Conventions for Authors & Writers 101
When individuals think about conventions, commonly known as Cons, a myriad of images may cross their minds – themed costumes, appearances by notable figures, late-night revelries, and parades, to name a few. However, Cons can prove to be exceedingly advantageous for authors, writers, and avid readers alike.
My perpetual quest as the author of several epic fantasy series is to discover novel and more effective ways to connect with potential readers and even sell a few books. Who am I kidding? I want to sell thousands of books! Yet, despite having friends who are ardent Con enthusiasts, I had never considered attending such events. While I like dressing up, the thought of investing money in tickets and accommodations for a weekend of frolicking through various hotels had never appealed to me. Now, I regret not exploring this avenue sooner!
Depending on their themes and focuses, Cons can offer immense benefits for authors and writers. My debut experience unfolded at DragonCon in Atlanta, Georgia, over a Labor Day weekend – a five-day extravaganza that seemed daunting at first but offered a wealth of opportunities. In my first year, I was lucky to have a friend invite me to be a panelist, and that was an eye-opening experience.
In my second year, I applied for Dragon Con’s Professional Status, which made me eligible to be a speaker. While not a high-profile guest, being accepted allowed me to choose panels aligned with my interests and knowledge. Connecting with the directors of various fields, known as Tracks, I participated in four panels out of the five offered as two were overlapping timeslots. The experience was nothing short of amazing.
So, how can being a panelist help sell books?
1. Exposure, Exposure, Exposure!
· Your name reaches a new audience and attendees love meeting and speaking with the authors.
· You might be able to display your books, business cards, or bookmarks during and after your talk.
· Use QR codes for "Buy Links" and direct interested individuals to your newsletter.
But what if public speaking isn't your forte?
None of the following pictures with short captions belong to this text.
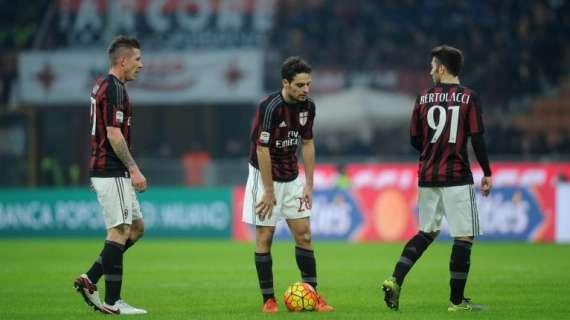 AC MILAN COMUNICATO UFFICIALE: Kucka, lesione al retto femorale. Niang verrà valutato nei prossimi giorni, Bonaventura prosegue le cure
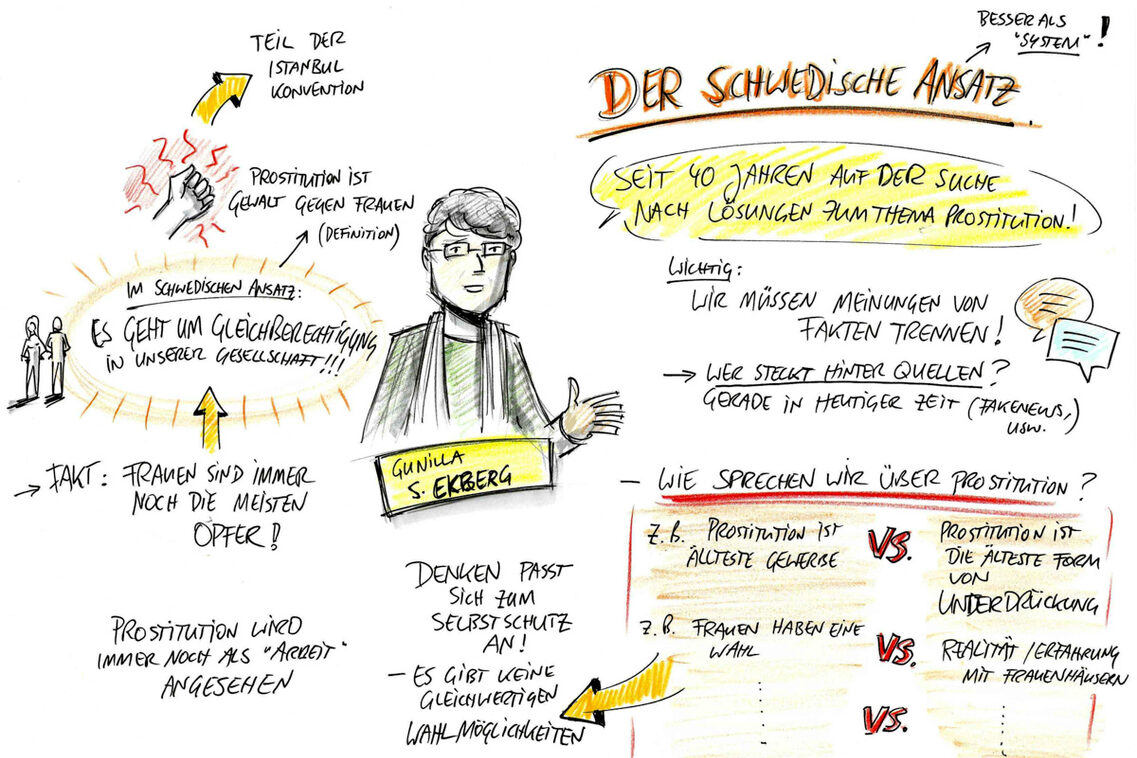 Visual Deutsch-Schwedischer Fachaustausch zum Thema Prostitution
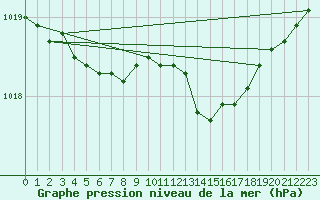 Courbe de la pression atmosphrique pour Charleville-Mzires (08)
Fear not; there are alternative options.
Find out if the Con has a market or rents booth spaces. Typically, these run the entire length of the Convention. Although your presence is usually required, some authors have friends or family cover shifts. However, rental fees may be costly, and if you are limited in number and titles, this might not be economical. Always ask if the Con will allow you to share a booth with another author and split the costs. Although I have yet to do this, authors who have a variety of titles and/or are able to share a space rave about their sales.
Temporary book signing slots and one-night book signing events catered to readers might be additional options. Always read the fine print of the con you are attending to understand the parameters. At DragonCon, lesser-known authors are paired with one or two big-ticket authors. This arrangement allows attendees, having obtained signatures from their idols, to discover you and your books. I do not know how effective this approach is, but I want to mention it since it might be an option and only necessitates your presence for a portion of a day.
DragonCon also hosted a one-night book signing "market" tailored to readers of all kinds. Within the hall, attendees explored various shared tables of over fifty authors who signed and sold their books. As this event required only one night of selling and attracted a substantial audience, I intend to participate in it next year.
Here's a quirky option: Dress up as one of your book characters and tell people that inquire who you are. Pitch your book! It might not lead to a sale, but it will spark interest and draw smiles.
Networking is paramount. Never ignore it. Other writers and authors are not your competitors; they become your support team, cheerleaders, and potential friends. I am so grateful for the support of the writing community and want to help other writers in the same way that I have been helped.
Cons not only benefit established authors. If you're a budding writer or an author wishing to learn more, attend panels. I love going to lectures and panels pertaining to mythology since my fantasy is heavily influenced by old lore. I also seek out topics that focus on the craft of writing and marketing. Bring a notepad and have fun! If you are a reader, and what writer isn’t, panels and book signing events are wonderful opportunities. You might just stumble upon your next favorite author.
In conclusion, I urge you to explore local conventions and literary festivals. Whether it's a small gathering or a week-long extravaganza, find out what opportunities are available. It never hurts to delve deeper into what the world of Cons can offer you!